TonyR wrote:But in any case the safety comparison you've made is bogus. The accident map you refer to is based on STATS19 data which is accidents on the road It won't record anything happening on an off-road cycleway
I hope you don't mind but I shall reply to the second part of that paragraph first. "Road" is defined in STATS20 in a broader sense than law and includes cycleways that have some lawful access by motor vehicles, so collisions (not accidents) in Castle Park and between Temple Way and Friary should definitely be recorded that way. I'm not sure if any vehicles have lawful access between Counterslip and Temple Way but there's nothing much to cause a collision there anyway: just three or so path-path junctions on a straight cycleway.
Sorry, I misread your first post as referring to segregated cycle facilities not off-road cycle routes. I have no problem with off-road routes that provide a genuine alternative and shorter route. Its on-road segregation we were primarily talking about.
You're mistaken: I was clearly disproving profpointy's "All I see in towns is infrastructure which makes cycling more dangerous, slower, and less convenient" with examples of infrastructure that does none of them which profpointy should have seen.
Discussing on-road protected space (I do not want segregation) causes two problems: there isn't much of it yet; and I wish it did, but the reports don't seem to record details that allow one to distinguish the carriageway from an immediately adjacent cycleway - for example, how can we tell whether the pedal cycle was using the carriageway or the (old-style) foot+cycleway in http://www.cyclestreets.net/collisions/ ... 521302707/
? So any analysis becomes quite time-consuming and difficult to verify.
The first one seems to show a very slight increase in measured safety but it was comparing the observations to predictions (which are called estimates in some places) and essentially finds that the cycleways weren't as safe as predicted - an approach that even the author calls a "second-best methodology" and I feel that second is ranking it a bit high because I'm not sure I like the claimed-better idea of using Bayesian methods, where the prior belief of the investigators becomes a factor. The 95% Confidence Interval straddled zero (meaning no difference from expectation) for every measurement in table 2 (crash/injury by track/lane) and often many others.
There seem obvious confounding factors - for example, the increases in cycle traffic, more crash-prone riders being more likely to choose a cycleway than a carriageway, and mopeds being allowed on cycleways there - but even so, if you ignore the author's predictions and look only at the Observed columns, it shows falls in most measurements.

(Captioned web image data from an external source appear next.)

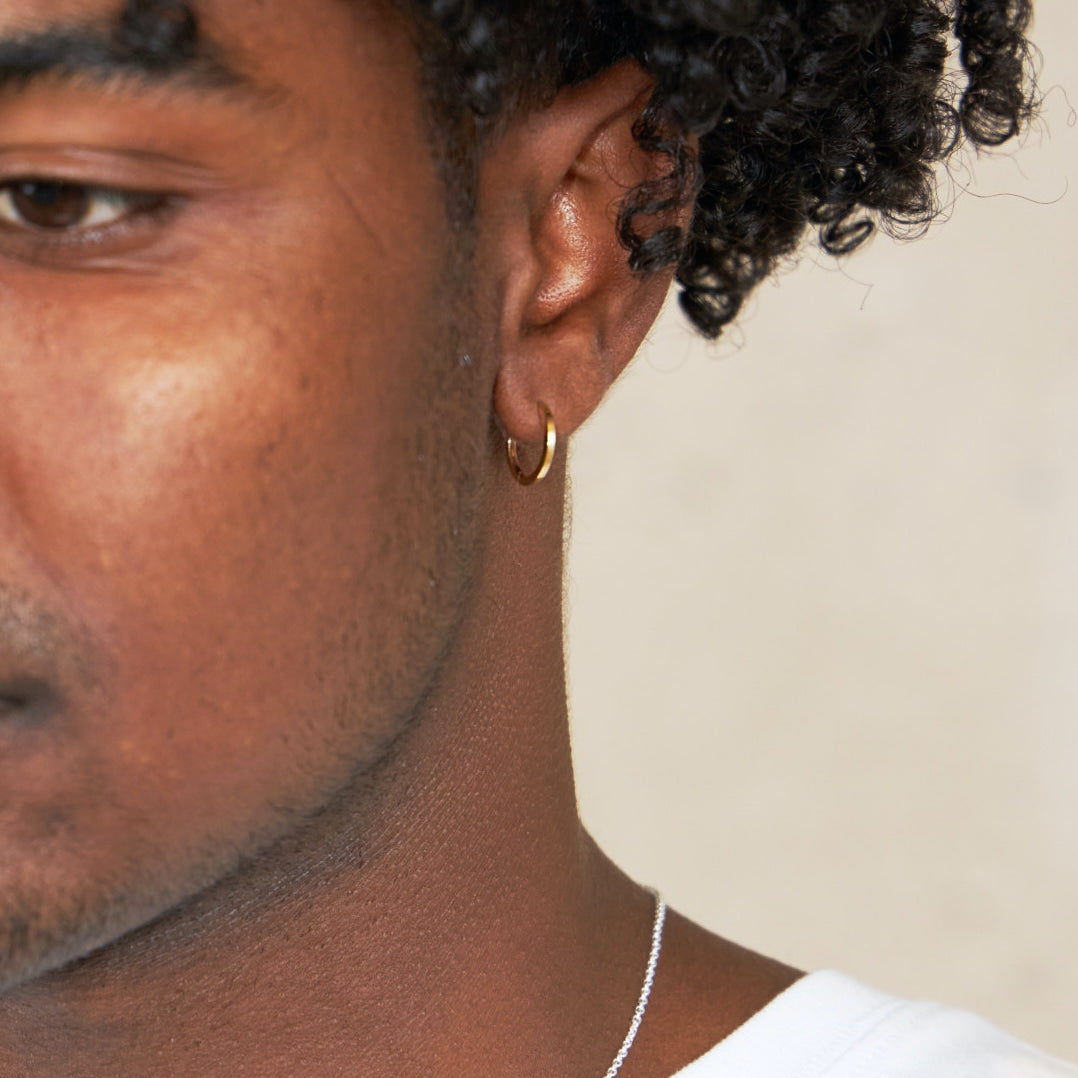 Tiny Huggies 14K Gold | Single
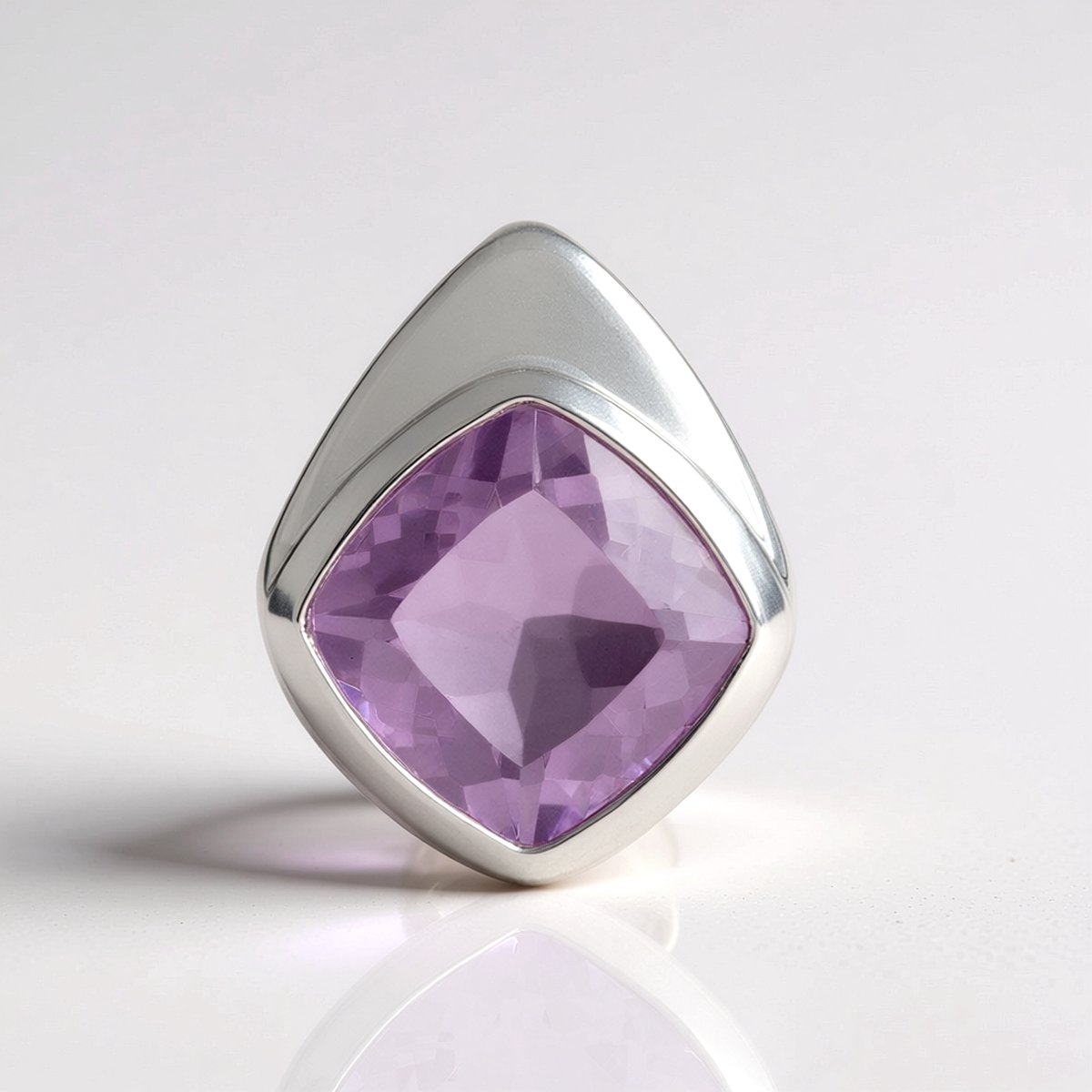 Cavill - Lavendel Amethist Hanger - 925 Sterling Zilver - Platina Geplateerd - 2,045 ct Kussenslijpsel - Elegante Monosono Collectie
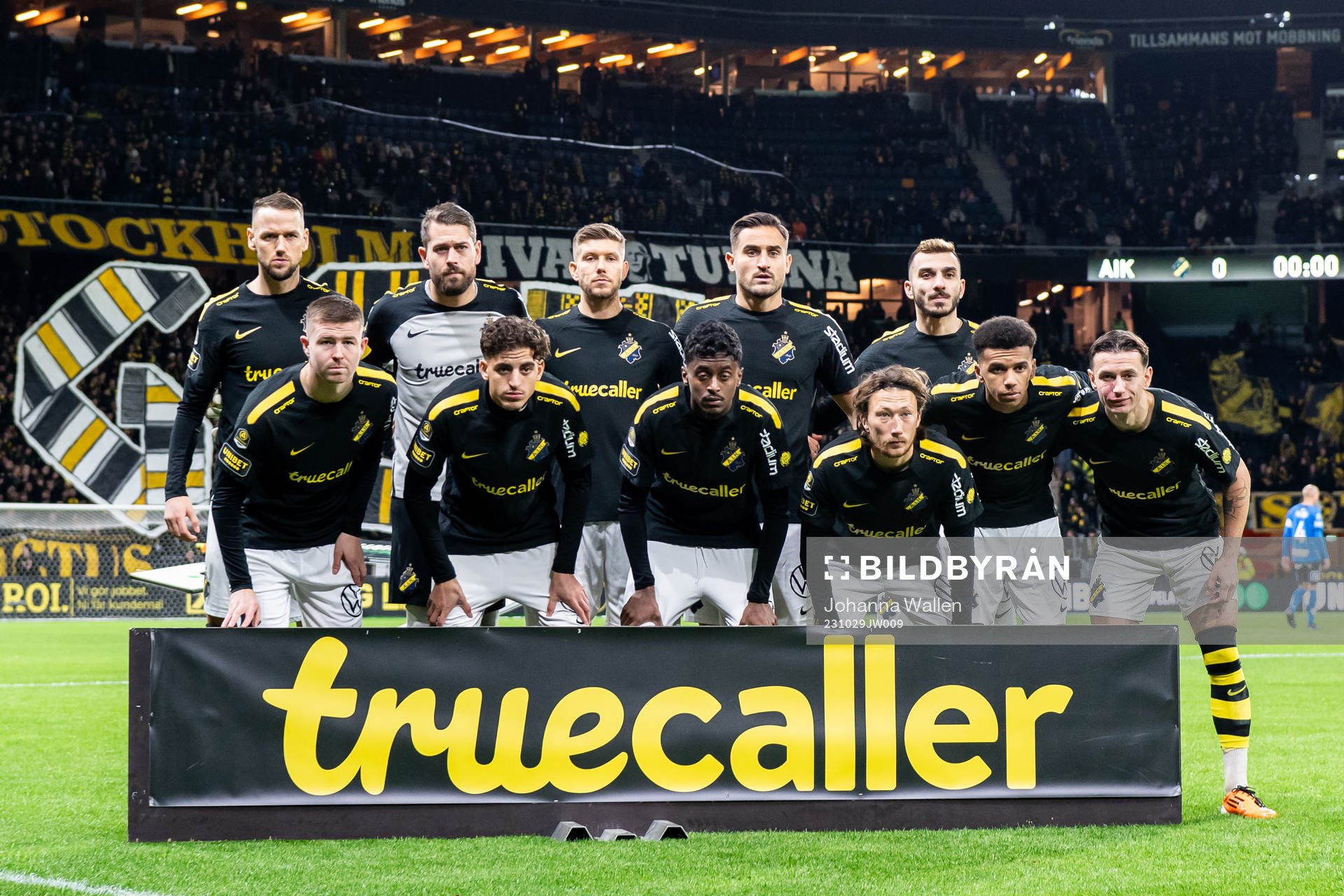 AIKs startelva ställer upp för en lagbild inför fotbollsmatchen i Allsvenskan mellan AIK och Halmstad den 29 oktober 2023 i Stockholm. 
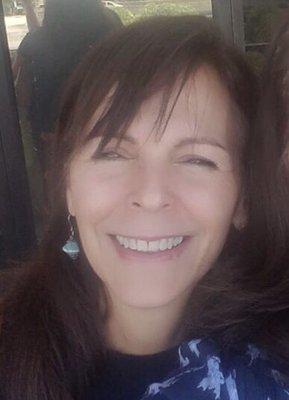 Photo of Laurie J.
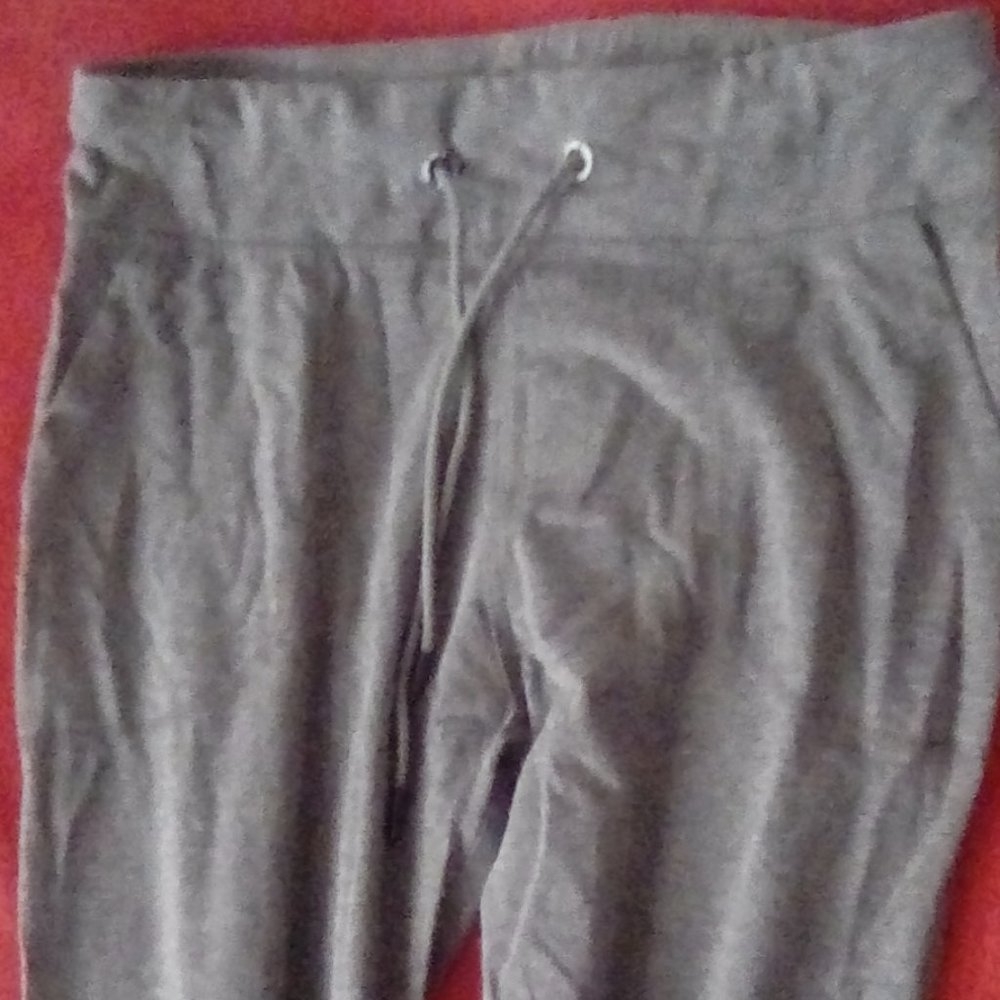 Gray sweatpants with side pockets and string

It does illustrate some useful lessons for cycleway design, such as not forcing parking into side streets (often resulting in an increase in traffic turning across the cycleway - in other words, busier junctions and junctions are always the most dangerous places) - a lesson which I think doesn't apply for much of London's new protected cycleways which will be on streets where parking is already forbidden. Also, the Embankment in particular does not have many turnings across the cycleway because they'd be into the Thames - so that first paper basically supports the wisdom of that routing! (I suspect this effect is real, which was part of the reason why I chose the routes alongside water in Bristol - cycleway design needs to harness this effect when it can.)
That second paper "The risks of cycling" by Dr. Eero Pasanen is beyond incredible and seems to contain logical disconnects, including that cycling competes with public transport (huh? I couldn't easily do most of my cycle journeys by public transport) and that helmets could prevent half of fatalities - do you really
trust that paper? Do you wear a helmet and travel by bus for the same trips when not cycling?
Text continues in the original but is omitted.